Oracle put a meter on Fusion AI. AI Units cost one cent each, 20,000 come free every month, and the model you pick, not the agent, drives the bill. This pillar prices the 26C model and maps the levers to set before you upgrade.
Oracle has named the meter for Fusion AI. In the 26C release, AI Units are the single currency for every agentic action, at one cent each and pooled into one balance. Every Fusion Cloud customer gets 20,000 free each month. This pillar prices the model and sets the buyer side moves before your upgrade.
Oracle AI Units cost one cent each and are the single consumption currency for Fusion AI from the 26C release forward. Oracle replaced its earlier token based and agent type based pricing with one outcome aligned meter. Every AI action, from answering a question to generating a document, draws units from one pooled balance shared across every Fusion pillar.
The unit is a measure of value, not a raw token count. Oracle defines what each action consumes in its Fusion AI Unit Actions Table, and the rate varies by the kind of work and the model behind it.
You can read the mechanics on Oracle's own AI Agents for Fusion Applications page and the pooled unit definitions in the Oracle Fusion Cloud global price list. Read both before you accept a sizing from your account team.
One balance covers agentic work everywhere in the suite. That breadth is deliberate. Oracle wants one meter for every agent you run.
For a buyer, the unified pool is a double edged thing.
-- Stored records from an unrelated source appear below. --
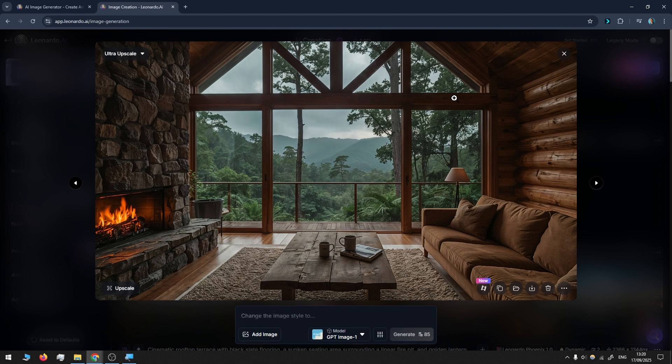This is my personal way of using Leonardo AI. I hope you have learned something. If not, perhaps you got some inspiration or ideas. Yeah, I will see you in the next video.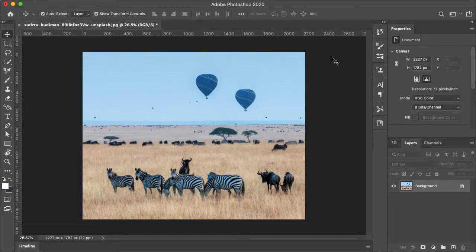How's it going everyone? My name is Bobby and you're watching Mind Island Design. Today I'm going to show you a few different ways you can use the Content Aware Move tool in Photoshop.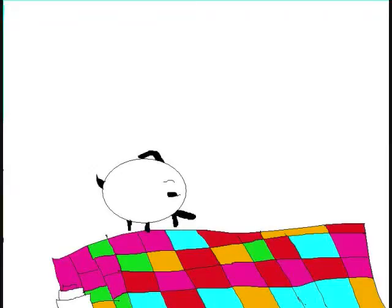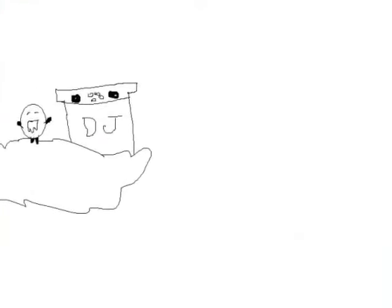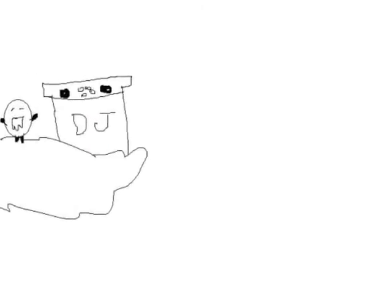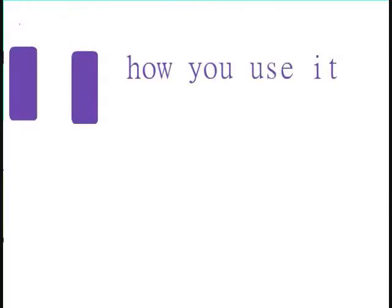God is a DJ, life is a dance floor, love is a rhythm, you are the music. God is a DJ, life is a dance floor, you get what you're giving, it's all how you use it.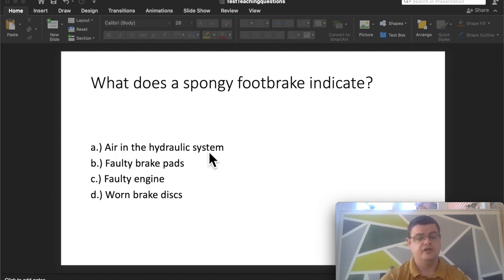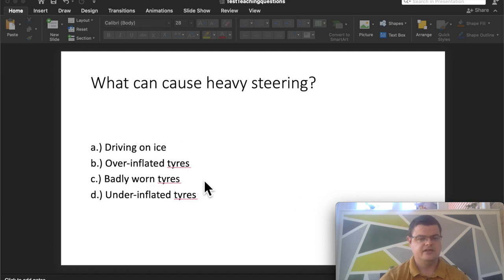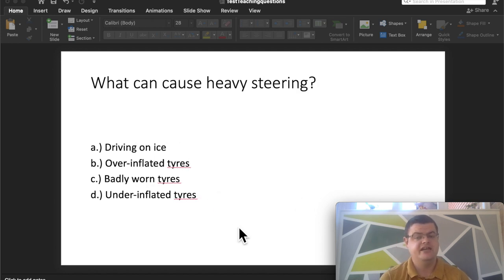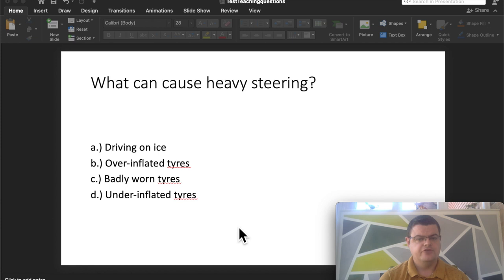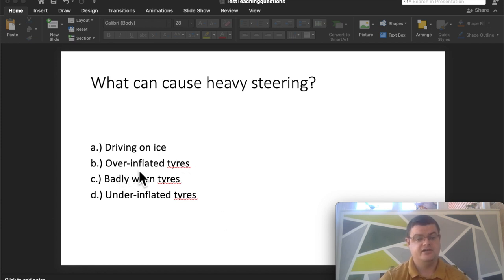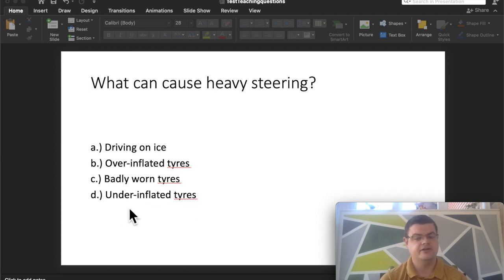Next question: what causes heavy steering? There are going to be questions about steering and tires. Heavy steering is caused by under-inflated tires. So under-inflated tires cause heavy steering.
It simplifies the invoice to one meter. It also concentrates every AI workload onto a single currency whose rate Oracle controls. Detail sits in the AI Units explained companion guide.
An AI action is any metered task an agent or embedded feature performs, and Oracle rates each one in its Fusion AI Unit Actions Table. The point is that not all actions cost the same. A simple lookup is cheap, a long document generation is not, and a multi step agent run stacks several actions together.
Because a single agent run can chain many actions, the meter rewards efficient design. An agent that retrieves once and writes once costs far less than one that loops. Design and model choice, together, set the real unit cost of a workflow.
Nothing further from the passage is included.